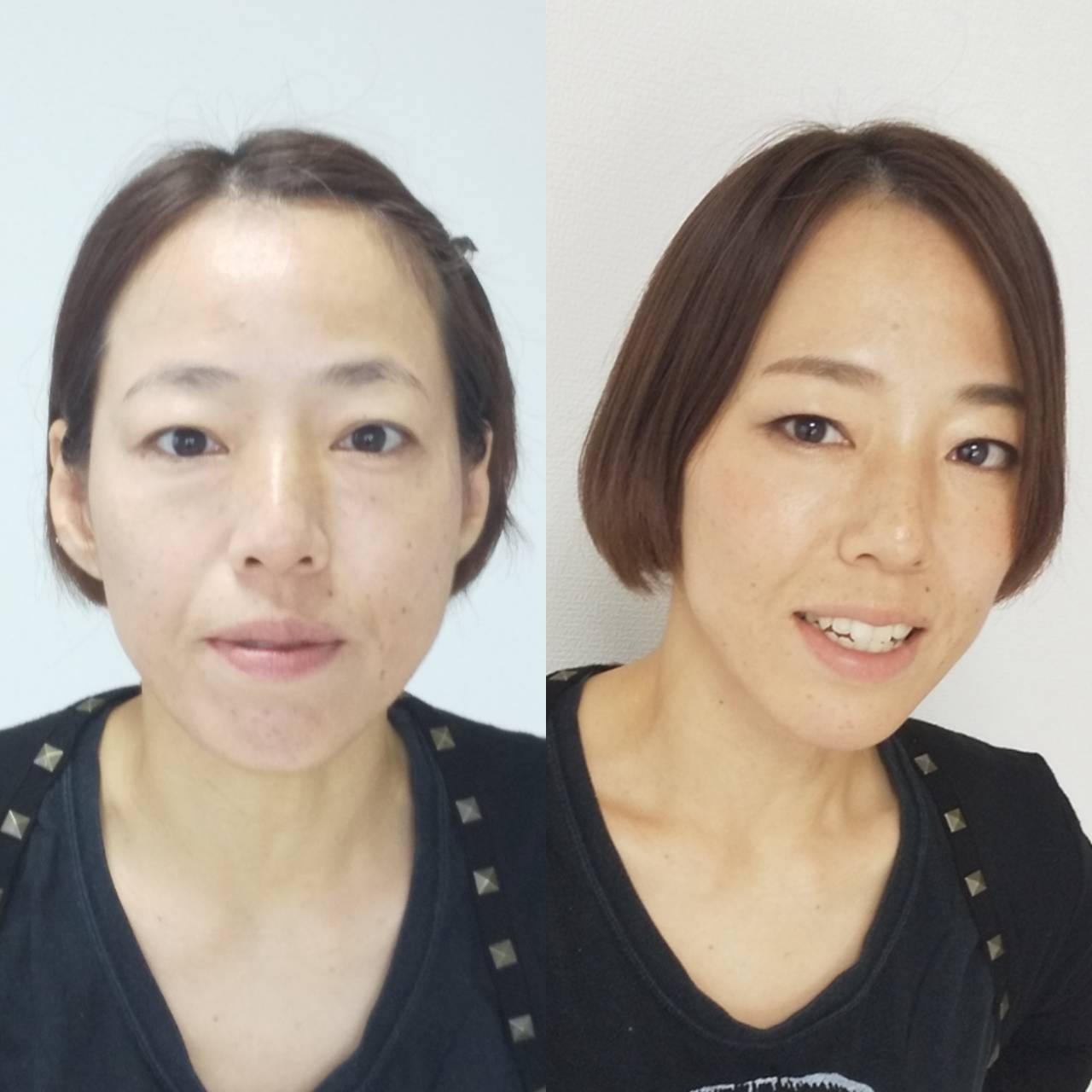 beforeafter32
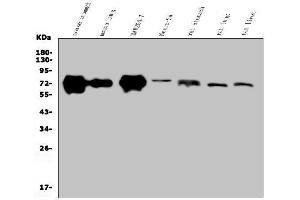 Western blot analysis of Golm1/GOLPH2 using anti-Golm1/GOLPH2 antibody (ABIN7601504).
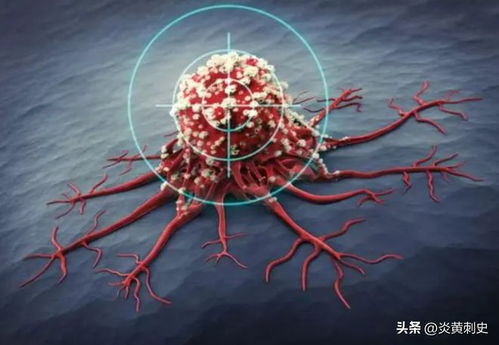 治疗玫瑰黄叶病，哪种药物效果最佳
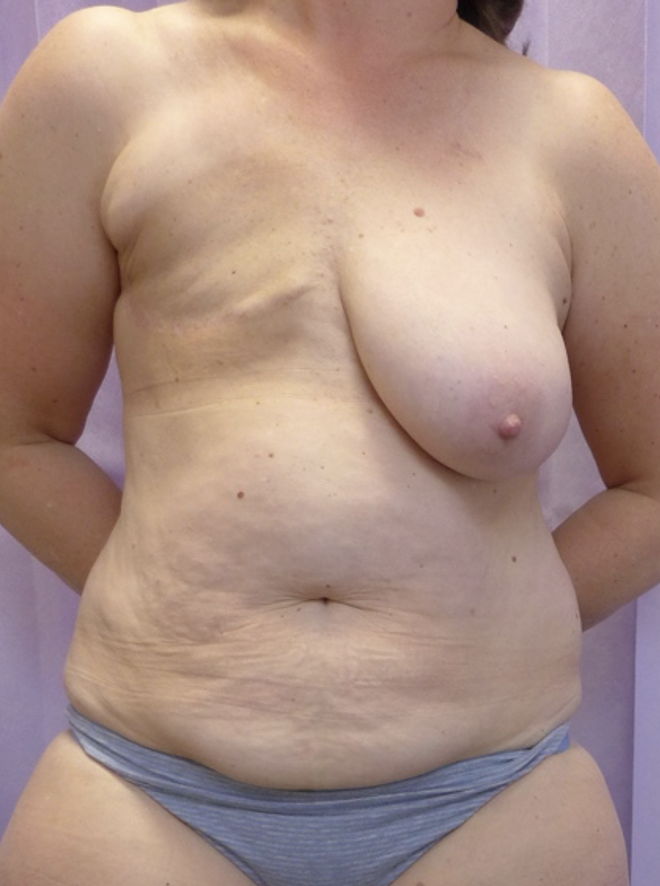 Before — Delayed DIEP Flap Breast Reconstruction AP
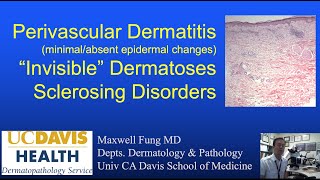 How to treat Perioral Dermatitis Dermatologist Explains [upl. by Berthoud18]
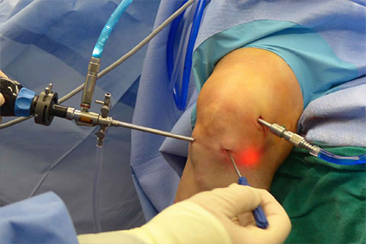 Knee Arthroscopy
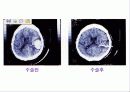 경막하출혈(SDH , Traumatic Subdural Hemorrhage )컨퍼런스 16페이지
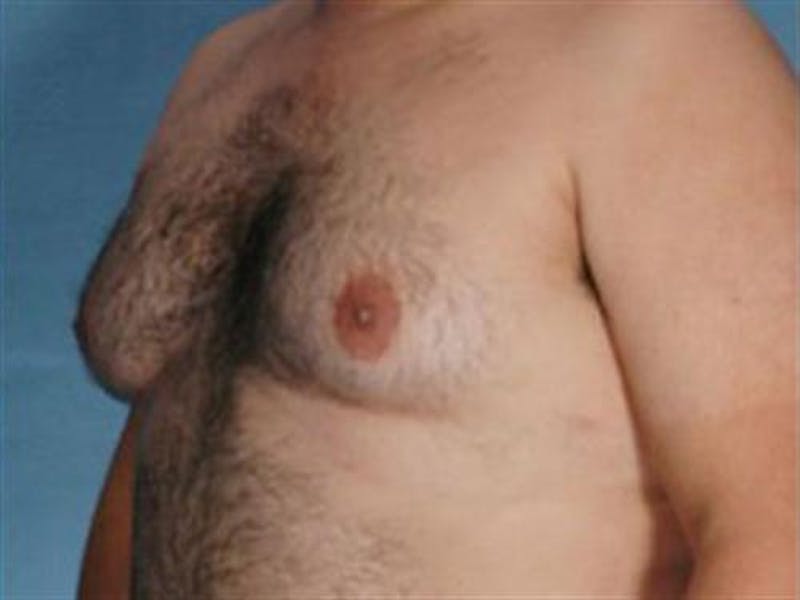 Male Breast Reduction Before & After Gallery - Patient 403263 - Image 3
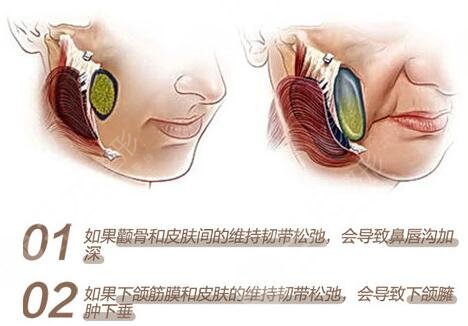 內(nèi)窺鏡除皺術(shù)缺點(diǎn)科普！手術(shù)果到底咋樣？一文解答你的困惑，附價(jià)格~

▶ _EXERCISE BRIEF_: Write every entry out again exactly, dropping the pictures.

▶ _TASK RESPONSE_:
 beforeafter32
 Western blot analysis of Golm1/GOLPH2 using anti-Golm1/GOLPH2 antibody (ABIN7601504).
 治疗玫瑰黄叶病，哪种药物效果最佳
 Before — Delayed DIEP Flap Breast Reconstruction AP
 How to treat Perioral Dermatitis Dermatologist Explains [upl. by Berthoud18]
 Knee Arthroscopy
 경막하출혈(SDH , Traumatic Subdural Hemorrhage )컨퍼런스 16페이지
 Male Breast Reduction Before & After Gallery - Patient 403263 - Image 3
 內(nèi)窺鏡除皺術(shù)缺點(diǎn)科普！手術(shù)果到底咋樣？一文解答你的困惑，附價(jià)格~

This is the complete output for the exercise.